**Supplied records**
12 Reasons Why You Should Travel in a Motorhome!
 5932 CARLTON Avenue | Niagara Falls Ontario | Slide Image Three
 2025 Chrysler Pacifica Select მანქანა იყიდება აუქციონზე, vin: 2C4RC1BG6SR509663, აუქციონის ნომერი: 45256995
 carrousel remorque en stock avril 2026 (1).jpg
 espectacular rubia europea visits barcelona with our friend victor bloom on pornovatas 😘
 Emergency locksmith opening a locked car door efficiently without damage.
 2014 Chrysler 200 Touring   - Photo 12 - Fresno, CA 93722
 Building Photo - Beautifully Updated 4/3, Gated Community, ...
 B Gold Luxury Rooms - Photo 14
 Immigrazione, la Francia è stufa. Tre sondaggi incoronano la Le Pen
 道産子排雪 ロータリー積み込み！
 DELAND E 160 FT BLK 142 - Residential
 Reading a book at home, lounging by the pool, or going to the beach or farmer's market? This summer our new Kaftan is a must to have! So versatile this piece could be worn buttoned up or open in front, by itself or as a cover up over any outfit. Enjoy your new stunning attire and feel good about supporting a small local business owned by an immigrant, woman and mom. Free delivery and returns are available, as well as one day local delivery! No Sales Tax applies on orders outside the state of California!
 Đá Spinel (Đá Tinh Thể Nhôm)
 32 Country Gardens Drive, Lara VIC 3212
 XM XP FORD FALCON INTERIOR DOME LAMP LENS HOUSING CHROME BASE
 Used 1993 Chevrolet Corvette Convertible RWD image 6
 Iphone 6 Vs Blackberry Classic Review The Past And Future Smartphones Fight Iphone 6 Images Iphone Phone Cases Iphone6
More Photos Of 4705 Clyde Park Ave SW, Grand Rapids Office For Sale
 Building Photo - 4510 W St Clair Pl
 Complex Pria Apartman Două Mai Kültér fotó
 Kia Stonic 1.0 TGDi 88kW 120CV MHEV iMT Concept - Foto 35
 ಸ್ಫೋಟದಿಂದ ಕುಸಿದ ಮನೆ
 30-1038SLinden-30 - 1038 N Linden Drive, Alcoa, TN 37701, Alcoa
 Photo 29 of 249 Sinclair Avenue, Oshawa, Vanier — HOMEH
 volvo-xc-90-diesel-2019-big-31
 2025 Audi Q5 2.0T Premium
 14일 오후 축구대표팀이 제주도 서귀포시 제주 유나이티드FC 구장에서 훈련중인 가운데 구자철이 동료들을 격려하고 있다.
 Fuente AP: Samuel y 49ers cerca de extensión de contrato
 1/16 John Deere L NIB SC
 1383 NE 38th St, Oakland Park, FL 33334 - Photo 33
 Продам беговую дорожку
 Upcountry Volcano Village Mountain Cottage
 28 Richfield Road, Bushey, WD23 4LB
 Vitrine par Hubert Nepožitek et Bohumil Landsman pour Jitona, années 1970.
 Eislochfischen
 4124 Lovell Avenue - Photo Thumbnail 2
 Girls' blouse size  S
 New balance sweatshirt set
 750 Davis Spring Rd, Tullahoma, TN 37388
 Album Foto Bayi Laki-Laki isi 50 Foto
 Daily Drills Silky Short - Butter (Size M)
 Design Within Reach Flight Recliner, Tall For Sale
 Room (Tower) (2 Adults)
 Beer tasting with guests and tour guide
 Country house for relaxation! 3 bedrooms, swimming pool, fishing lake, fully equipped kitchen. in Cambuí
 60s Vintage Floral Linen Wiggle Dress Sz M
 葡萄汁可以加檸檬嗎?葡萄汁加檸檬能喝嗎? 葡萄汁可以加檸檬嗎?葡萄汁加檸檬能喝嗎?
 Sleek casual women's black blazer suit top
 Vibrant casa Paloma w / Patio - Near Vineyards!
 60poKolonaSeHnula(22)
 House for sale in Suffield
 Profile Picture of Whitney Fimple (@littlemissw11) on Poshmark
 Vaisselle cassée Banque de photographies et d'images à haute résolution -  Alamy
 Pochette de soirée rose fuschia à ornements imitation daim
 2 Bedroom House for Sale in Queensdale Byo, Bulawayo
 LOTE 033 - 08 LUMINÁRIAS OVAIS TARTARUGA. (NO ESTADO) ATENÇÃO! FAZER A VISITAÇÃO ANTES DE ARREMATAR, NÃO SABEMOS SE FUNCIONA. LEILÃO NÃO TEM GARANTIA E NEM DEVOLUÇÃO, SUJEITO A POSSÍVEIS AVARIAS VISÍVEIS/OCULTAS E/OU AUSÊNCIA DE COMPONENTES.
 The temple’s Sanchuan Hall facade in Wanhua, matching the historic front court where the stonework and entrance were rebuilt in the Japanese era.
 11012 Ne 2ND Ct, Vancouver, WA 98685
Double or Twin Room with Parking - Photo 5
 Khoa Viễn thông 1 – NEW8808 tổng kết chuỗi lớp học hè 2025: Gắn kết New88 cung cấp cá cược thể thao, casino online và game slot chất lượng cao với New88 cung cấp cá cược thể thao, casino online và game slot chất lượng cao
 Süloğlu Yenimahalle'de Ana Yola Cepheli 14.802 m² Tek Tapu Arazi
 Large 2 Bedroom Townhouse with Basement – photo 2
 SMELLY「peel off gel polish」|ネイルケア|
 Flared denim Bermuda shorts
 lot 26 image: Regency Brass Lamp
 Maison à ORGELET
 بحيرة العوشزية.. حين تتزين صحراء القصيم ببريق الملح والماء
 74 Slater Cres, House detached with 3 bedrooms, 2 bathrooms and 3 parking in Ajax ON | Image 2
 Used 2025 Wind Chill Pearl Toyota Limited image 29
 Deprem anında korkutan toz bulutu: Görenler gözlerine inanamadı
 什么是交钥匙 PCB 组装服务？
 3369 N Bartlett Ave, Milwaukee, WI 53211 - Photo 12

**Task requirements**
Write out the lines above from the one containing "Süloğlu Yenimahalle'de Ana" through the last, exactly as they are.

**Written reply**
 Süloğlu Yenimahalle'de Ana Yola Cepheli 14.802 m² Tek Tapu Arazi
 Large 2 Bedroom Townhouse with Basement – photo 2
 SMELLY「peel off gel polish」|ネイルケア|
 Flared denim Bermuda shorts
 lot 26 image: Regency Brass Lamp
 Maison à ORGELET
 بحيرة العوشزية.. حين تتزين صحراء القصيم ببريق الملح والماء
 74 Slater Cres, House detached with 3 bedrooms, 2 bathrooms and 3 parking in Ajax ON | Image 2
 Used 2025 Wind Chill Pearl Toyota Limited image 29
 Deprem anında korkutan toz bulutu: Görenler gözlerine inanamadı
 什么是交钥匙 PCB 组装服务？
 3369 N Bartlett Ave, Milwaukee, WI 53211 - Photo 12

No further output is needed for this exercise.